» Exercise:
Using the records below, reproduce exactly the lines from the one containing "2025 Seat Ibiza" through the end, and nothing more; skip the images.

» Crawled caption data:
===============

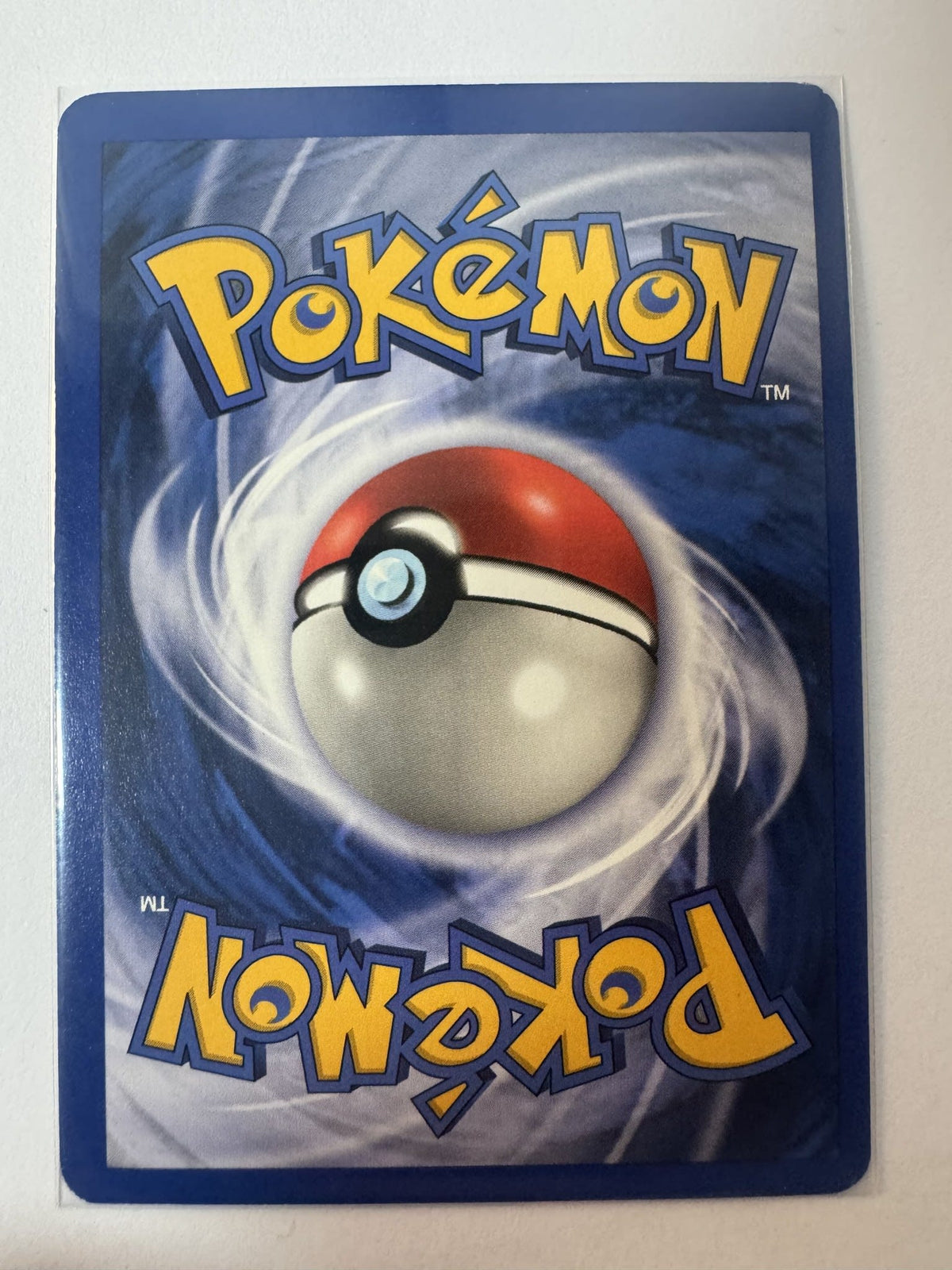 Pokemon Lt. Surge's Magnemite Gym Heroes #80/132 2000 (English) - view 2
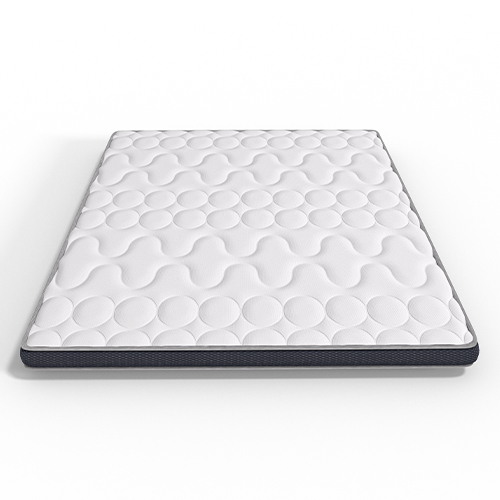 Sur-matelas Bien Etre 140x190 - Bien-être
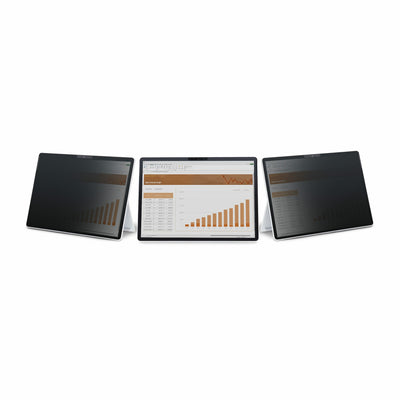 StarTech.com 13SP-PRIVACY-SCREEN filtre anti-reflets pour écran et filtre de confidentialité 33 cm (13") Ordinateur portable Filtre de confidentialité sans bords pour ordinateur - Image 2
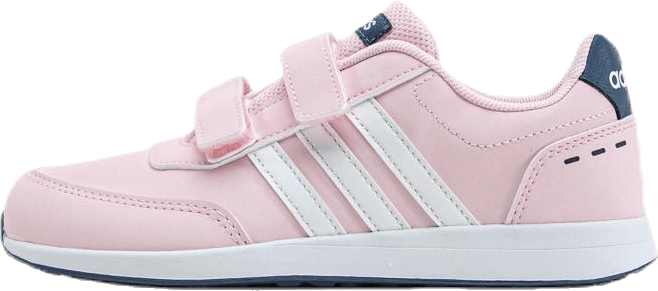Switch 2 Strap Pink, Unisex, Shoes, Trainers, Pink, UK K 11,5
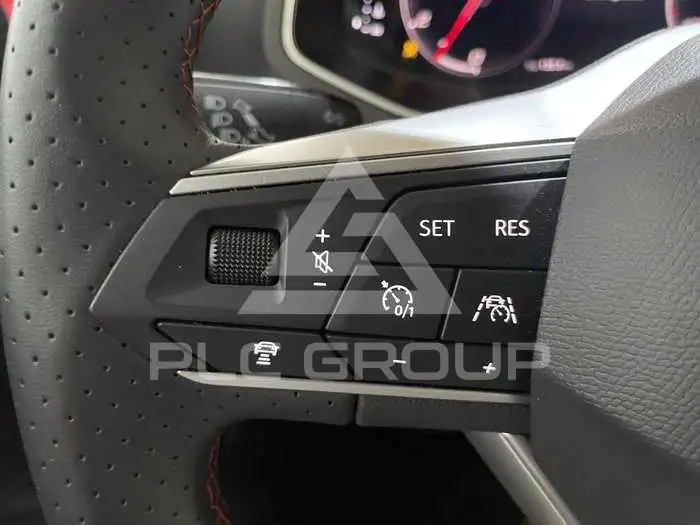 2025 Seat Ibiza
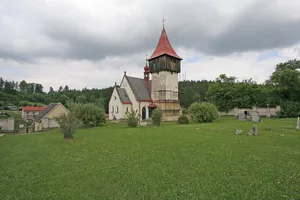 Church of Saint Catherine of Alexandria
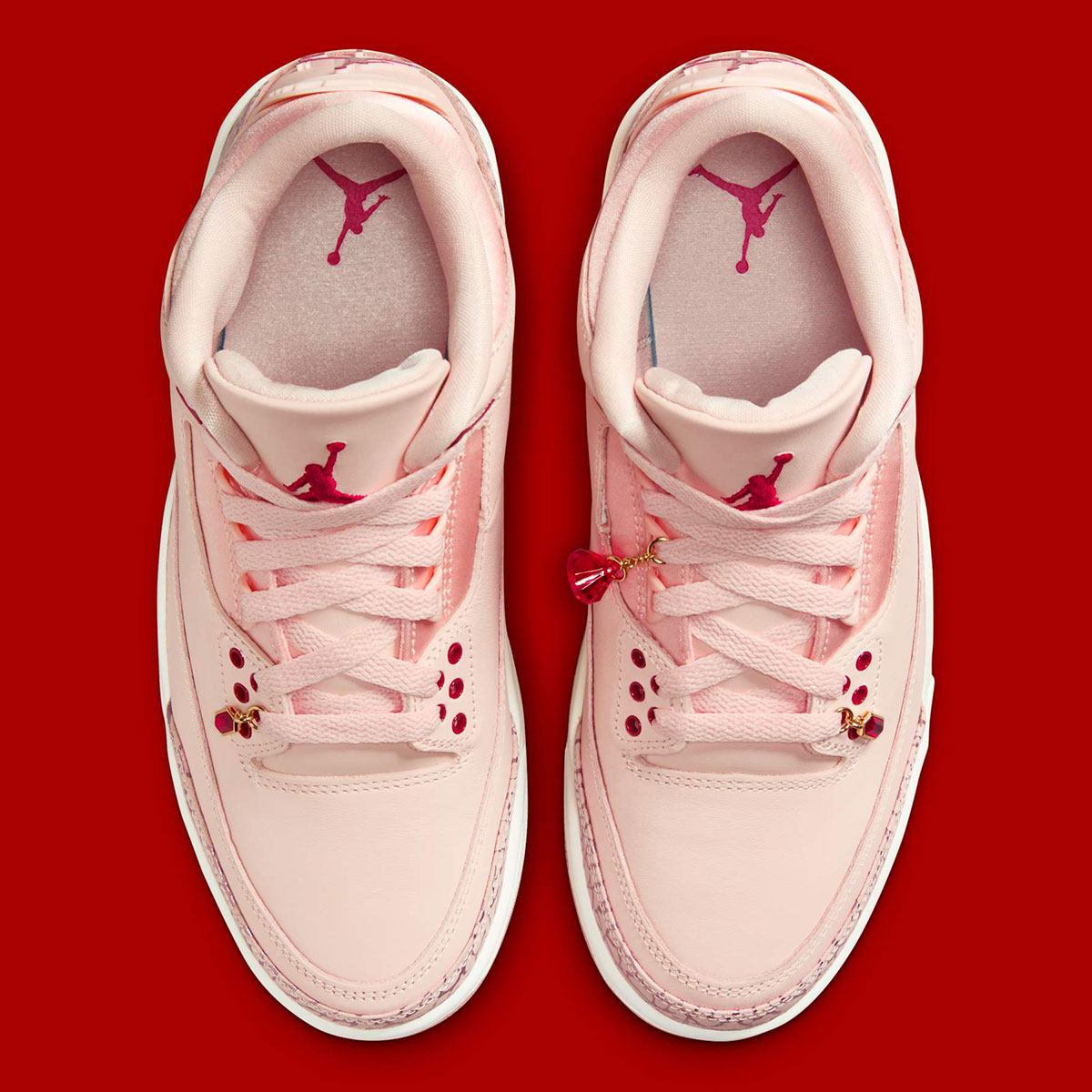 Valentine Jordan 3 Release Date 2 B68b0e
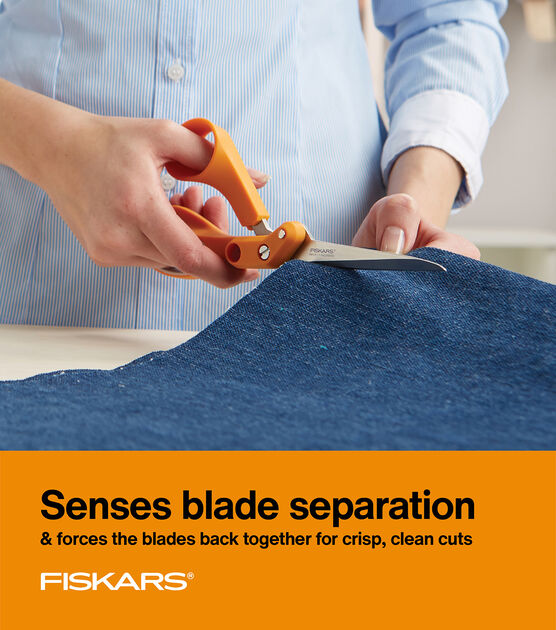 Fiskars Scissors Sharpener, Fiskars #198540-1002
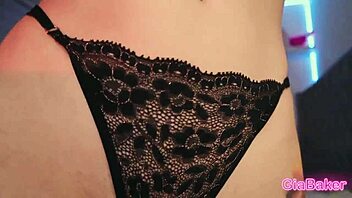 Gia baker dances to summer time janis jopplin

===============

» Output for this exercise:
 2025 Seat Ibiza
 Church of Saint Catherine of Alexandria
 Valentine Jordan 3 Release Date 2 B68b0e
 Fiskars Scissors Sharpener, Fiskars #198540-1002
 Gia baker dances to summer time janis jopplin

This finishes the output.